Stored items
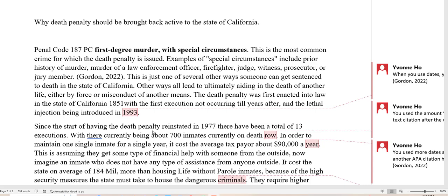Since the start of having the death penalty reinstated in 1977, there have been a total of 13 executions, with there currently being about 700 inmates on death row. So here she mentions 700 inmates, 1977, and 13 executions. Right here after the word 'row,' she needed to put in an in-text citation to tell the reader where she got the date 1977, where she got the number 13, and where she got the number 700. So here she needs an in-text citation of Gordon 2022.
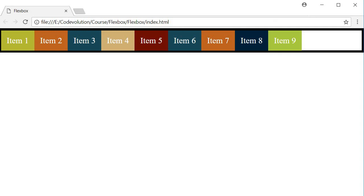The last property is the align-self property, which is used to control the alignment of individual flex items. The values are pretty much the same as those applicable for the align-items property on the flex container.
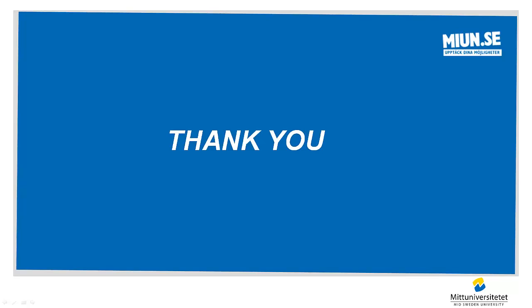So that was all for 7-segment display and 7-segment decoders. Thank you for listening.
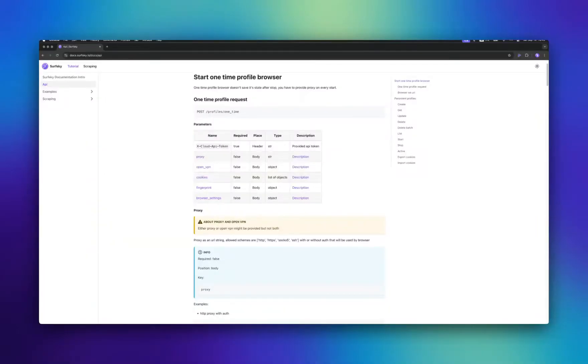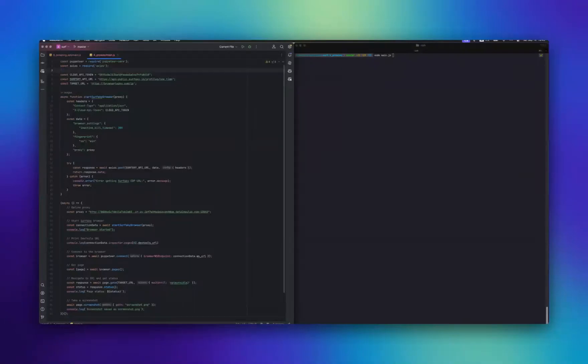SurfSky supports major protocols: HTTP, SOCKS5, SSH, and OpenVPN. Let's look at an example.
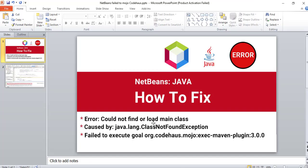So this is how you fix those error messages in NetBeans. Thank you for watching. See you in my next video. Bye for now.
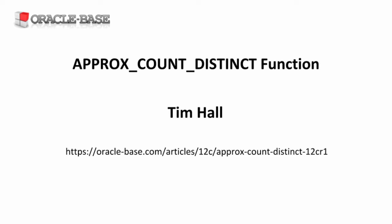Oracle Database 12C, specifically Patchset 12.1.0.2, now includes the function in the documentation, so we're free to use it in our applications in a supported manner.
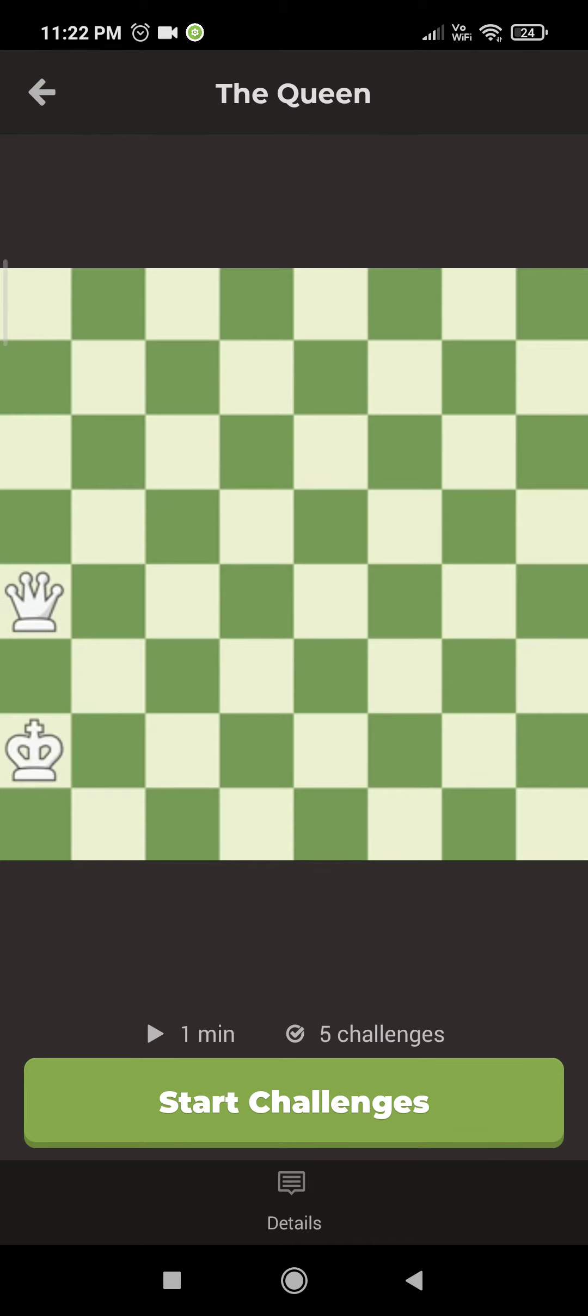Earlier, we mentioned that the queen cannot jump over other pieces. In this position, let's say the queen wants to get to this square.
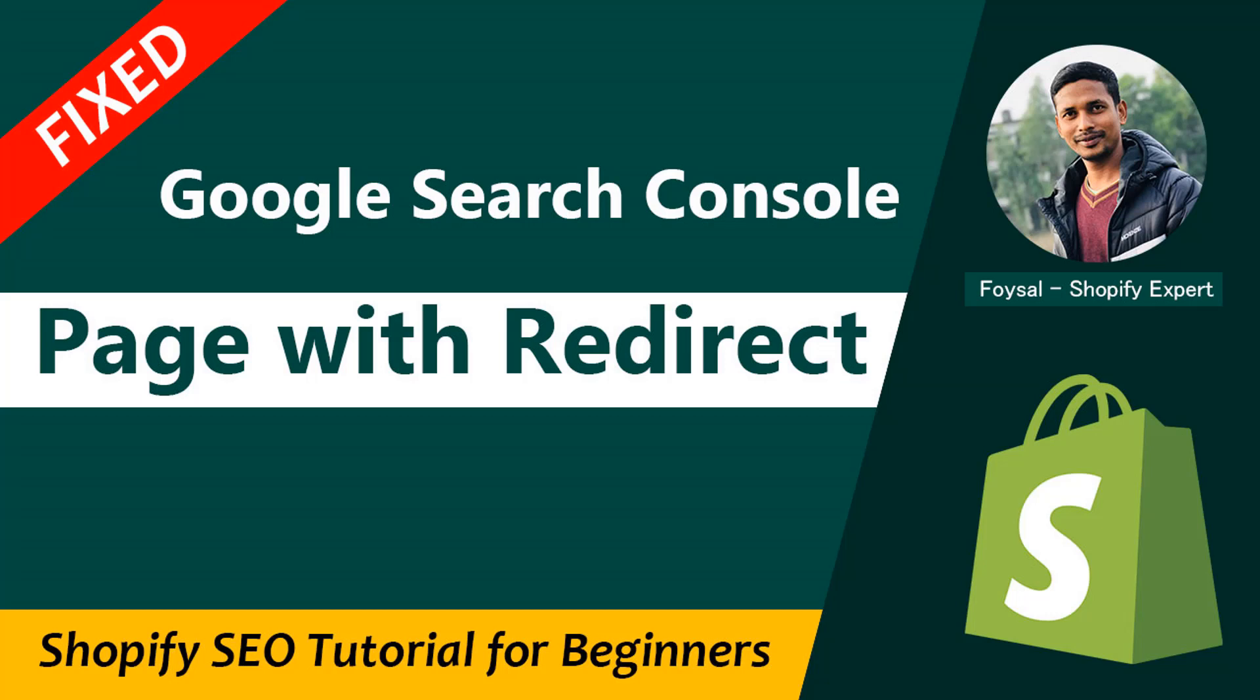Hey there, welcome to my YouTube channel. In this tutorial, I am going to show you how to fix page with redirect issue in Google Search Console of your Shopify online store. If you're looking for Shopify easy SEO video guidelines, then you can continue this video. Here I am going to share an easy solution so that your website will be ranked faster than before.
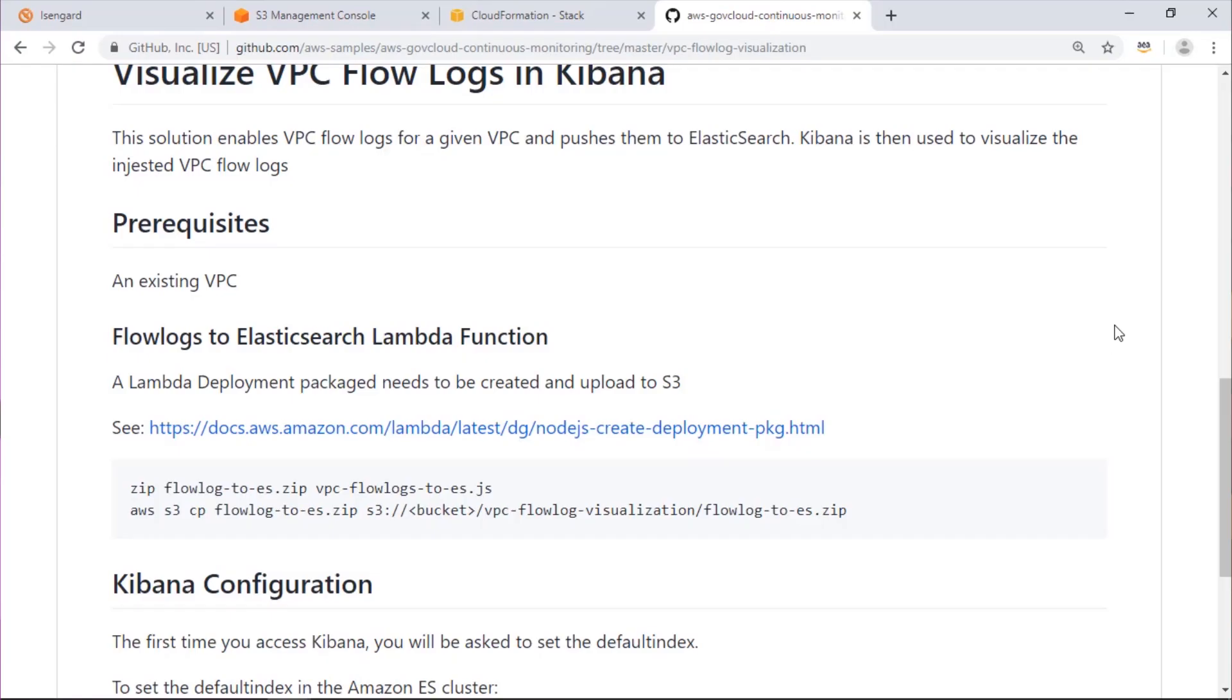Hi, I'm Brian with AWS Professional Services. As part of our series on continuous monitoring in GovCloud, today we're going to talk about VPC flow log visualization.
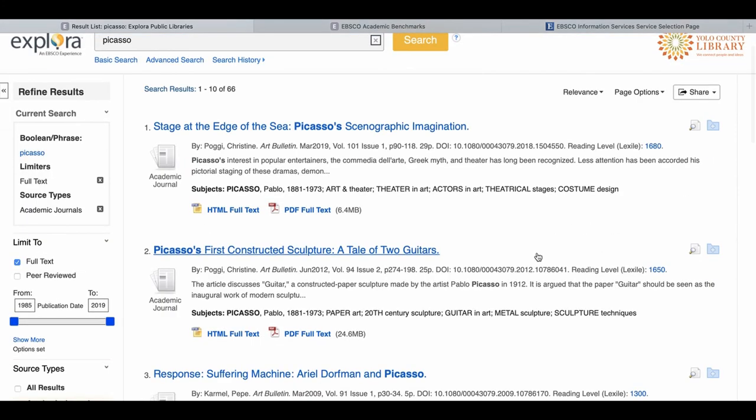If you have any questions about the Explora database, please feel free to call your local Yolo County Library branch for more information.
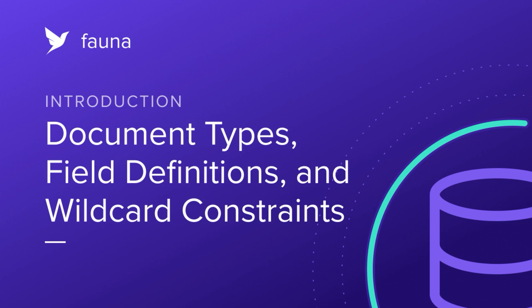Hey gang, this is Kirk with Fauna and today we are going over document types, field definitions, and schema enforcement.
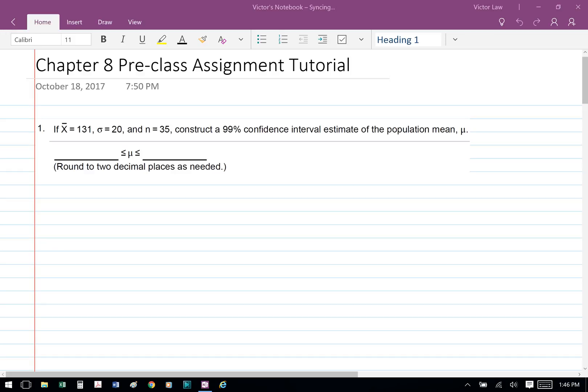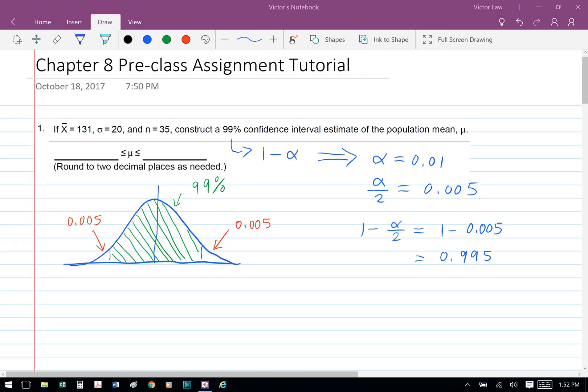Business Stats Chapter 8 Preclass Assignment Tutorial. Question 1: If x-bar equals 131, standard deviation equals 20, and n equals 35, construct a 99% confidence interval estimate of the population mean.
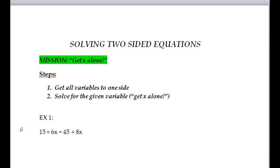Hello, this is our example on solving two-sided equations. If you think back to solving one-sided equations, our mission was to get x alone. Our mission is still the same, but this time we have a couple of steps we need to remember, and we basically have two parts as well. Our step is to get all variables to one side of the equation so then we can solve for the variable — get x alone, or whatever variable we're solving for.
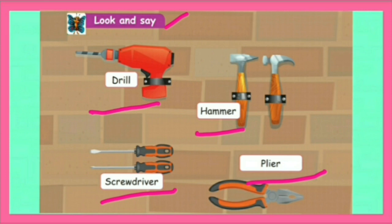Drill means Tula-I-Dum-Karuvi. Hammer: H-A-M-M-E-R — Irusu-Ti. Screwdriver: Thiru-P-Li. Pliers: I-D-U-K-I.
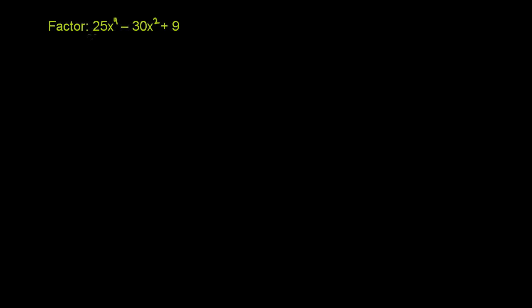So 25x to the fourth, that is the same thing as 5x squared squared, right? So it's a perfect square. 9 is the exact same thing as, well, it could be plus or minus 3 squared. It could be either one.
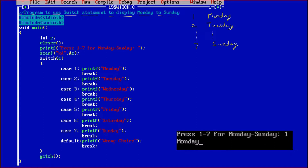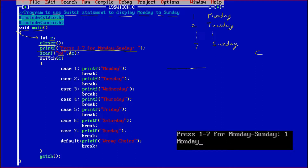We know that switch is also a conditional statement used for decision making. So hash include stdio.h, which is the standard input output library for the printf and scanf functions. Then hash include conio.h, which is the console input output header file for clear screen and getch functions. Then void main, which is the main driving function. Int c — a variable c is declared of integer type. Clear screen clears the screen. Printf displays the message: press 1 to 7 for Monday to Sunday. Now scanf with %d and &c — %d for the integer value and &c means address of c.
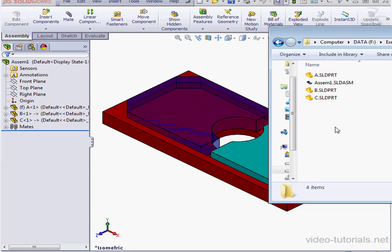This concludes our video about SolidWorks' Pack & Go function. We'll see you back in our next lesson.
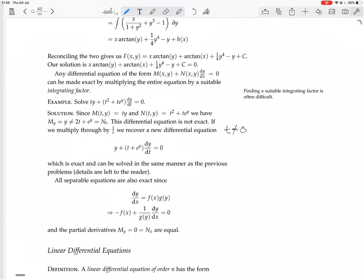Let's solve the new exact equation. The proposed ft is y and the proposed fy is t plus e to the y. If ft equals y, then f would have to be ty. And integrating fy equals t plus e to the y: we get ty, which we already have, and then e to the y whose integral is just e to the y. That term is fine to add since it has no t's, so it won't interfere with ft. Setting that equal to a constant gives the solution.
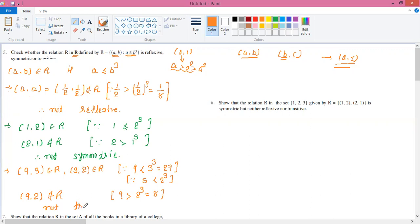Now comparing: 9 and 8 — 9 is greater than 8. Our condition requires a ≤ b³, so 9 ≤ 8 is false. Therefore (9, 2) is not in R, which means the relation is not transitive. We chose (9, 3) and (3, 2) deliberately to construct this counterexample.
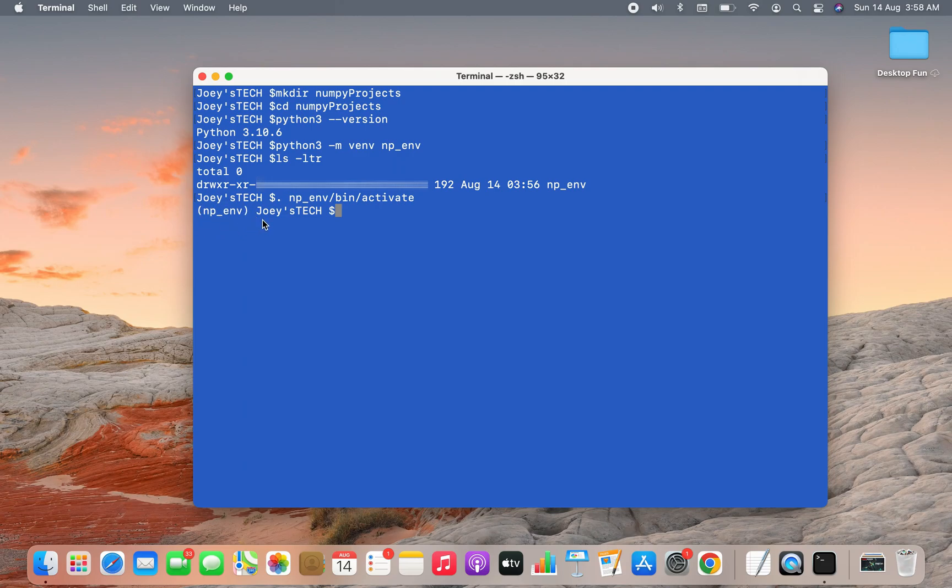You can see that the name of the virtual environment is appearing over here within brackets before the prompt. This is a signal that the virtual environment is now active. Now we're going to install NumPy. The command is very simple, so it will be pip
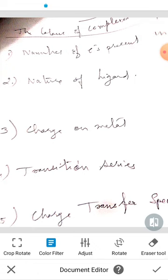The next point is the transition series. While descending a transition group, the value of delta E increases because of the color of 3D, 4D, and 5D series. Iron complexes are different.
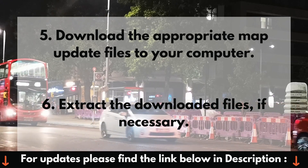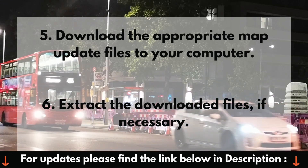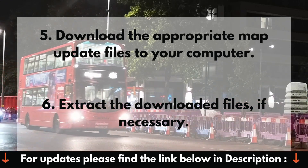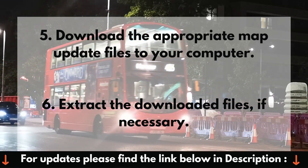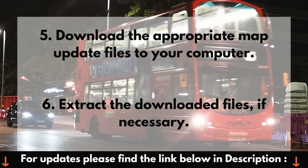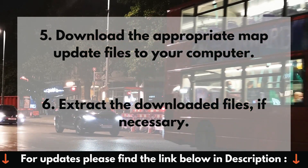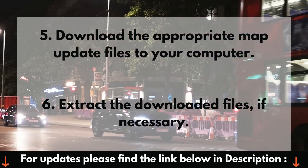5. Download the appropriate map update files to your computer. 6. Extract the downloaded files, if necessary.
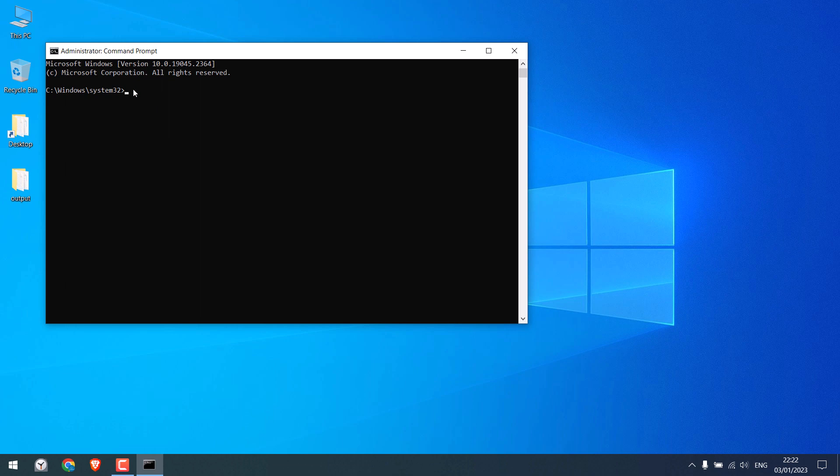And here, simply write shutdown space dash s dash t and write the time in seconds. That is, your PC will auto shut down after that time.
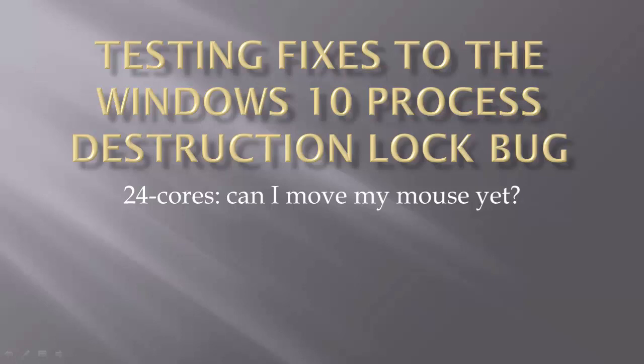In July, I reported on a Windows 10 bug that I had found that causes processes that are being destroyed to hold onto a lock for too long. This hurts performance, but the real problem is that this same lock is needed for processing input events, leading to repeated UI hangs.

## PROMPT
Make an exact copy of the lines above, beginning with the line with "The last property" and ending with the line with "So this is how", and keep the pictures out of it.

## EXERCISE RESPONSE
The last property is the align-self property, which is used to control the alignment of individual flex items. The values are pretty much the same as those applicable for the align-items property on the flex container.
So that was all for 7-segment display and 7-segment decoders. Thank you for listening.
SurfSky supports major protocols: HTTP, SOCKS5, SSH, and OpenVPN. Let's look at an example.
So this is how you fix those error messages in NetBeans. Thank you for watching. See you in my next video. Bye for now.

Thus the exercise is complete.